The Japanese stock market rocketed to a 21-year high with a record 15-day winning streak after the result of the Japanese parliamentary election. The Japanese capitalists are pleased that Prime Minister Shinzo Abe's Liberal Democratic Party (LDP) won the snap general election and, with its incumbent coalition, the Buddhist-affiliated Komeito Party, retained the two-thirds majority necessary to pass legislation without recourse to the upper house.

Abe will now claim he has a mandate to change Japan's "pacifist" constitution and adopt an offensive militarist and imperialist stance for the first time since 1945. Abe says this is necessary to resist nuclear attack from North Korea and to contain China. In reality, the ruling elite of the LDP is seeking military independence from America.

Abe needs to proceed cautiously because Japanese citizens are sharply divided about such constitutional change. So, he plans to delay this until after 2020.

Sadly, Japan's electorate had little choice. The opposition was in disarray. The Democratic Party offered no alternative economic or political policies and, when the conservative governor of Tokyo, Yuriko Koike, decided to set up her own national party, "The Party of Hope," the Democrats immediately split: half joined Koike and the others formed another party, called the "Constitutional Democratic Party" under Yukio Edano. By opposing constitutional change, this party became the main opposition and the "The Party of Hope" flopped.

Voter turnout was the second lowest since 1945 at 52 percent, up only 1 percent on 2014. Most of Japan's working class see no party to represent their interests, and so they don't vote. Actually, Abe's LDP gained less seats than in 2014 (down 6) as did Komeito (down 5).

In 2014, Abe also called a snap election. Then he sought a mandate for "Abenomics," which supports monetary easing, fiscal tightening and "supply-side neoliberal reforms" designed to rejuvenate Japan's stagnant economy. How has Japan done since then? The objective of getting Japan out of deflation (falling prices) failed despite the advice of top Keynesians (Paul Krugman) and monetarists (Ben Bernanke) - and a massive injection of money by the Bank of Japan. The inflation rate hovers around zero after three years of effort.

But why strive to "cause" inflation if the economy is growing? Indeed, Japan's real GDP rose for six consecutive quarters and the country experienced modest economic growth after a sharp recession in 2014.

The population fell by over a million in the last decade. Japan is rapidly getting older so real per capita GDP rose even more. Nevertheless, in dollar terms, Japan's GDP has stagnated and the yen fell against other currencies. Dollar GDP is below that in the early 1990s - the falling population only compensated for that.

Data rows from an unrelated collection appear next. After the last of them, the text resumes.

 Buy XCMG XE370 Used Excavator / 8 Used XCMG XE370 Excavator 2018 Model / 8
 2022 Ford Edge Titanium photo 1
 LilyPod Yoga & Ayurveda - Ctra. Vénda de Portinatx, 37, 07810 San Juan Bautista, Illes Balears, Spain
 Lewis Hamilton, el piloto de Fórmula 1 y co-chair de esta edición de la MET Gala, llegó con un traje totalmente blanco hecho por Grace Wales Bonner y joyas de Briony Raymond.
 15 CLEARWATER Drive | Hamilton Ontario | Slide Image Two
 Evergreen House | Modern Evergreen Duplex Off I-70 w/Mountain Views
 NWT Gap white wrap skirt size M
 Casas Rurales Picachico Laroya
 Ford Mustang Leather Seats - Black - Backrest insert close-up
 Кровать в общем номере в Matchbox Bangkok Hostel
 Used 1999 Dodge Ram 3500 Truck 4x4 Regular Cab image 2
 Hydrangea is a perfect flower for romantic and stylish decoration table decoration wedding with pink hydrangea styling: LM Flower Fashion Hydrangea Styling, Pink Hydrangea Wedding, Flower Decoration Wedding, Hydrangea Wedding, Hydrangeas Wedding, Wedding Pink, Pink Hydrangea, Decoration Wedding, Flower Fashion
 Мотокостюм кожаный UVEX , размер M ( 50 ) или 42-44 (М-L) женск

The second thrust of Abenomics has been fiscal spending. No other G7 government is running such a large budget deficit, Keynesian-style. The annual deficit had reached nearly 10 percent of GDP in 2012, although some recovery in real GDP reduced the deficit to around 4 percent. The Japanese government has run a deficit for over 25 consecutive years, while public sector debt is well over 130 percent of GDP. This Keynesian effort achieved a miserable average annual economic growth of under 1 percent in the last decade. Abe intends to hike sales tax, to reduce the deficit at the expense of working-class consumption. He also hopes to liberalize gaming and allow casinos to suck in revenue at the expense of the desperate.

The real purpose of Abenomics is his "supply-side" reforms: designed to reduce labour costs and boost capitalist profitability. So far this has worked. Japan's rate of profit had been in long-term decline from the 1960s. Then, privatization and reduction in labor rights produced a modest recovery in profitability in the early 2000s but it was the global credit boom that fuelled this. "The Great Recession" put a stop to that. Under Abe, per capita real wages were held down and profitability rose. However, so far, Japanese capital has not responded by boosting investment.

Net investment (after depreciation) is very low and gross private investment is anemic. Japanese companies prefer to employ more labor at low wages rather than invest, or they take their investment overseas much like the U.S. and U.K. capitalists.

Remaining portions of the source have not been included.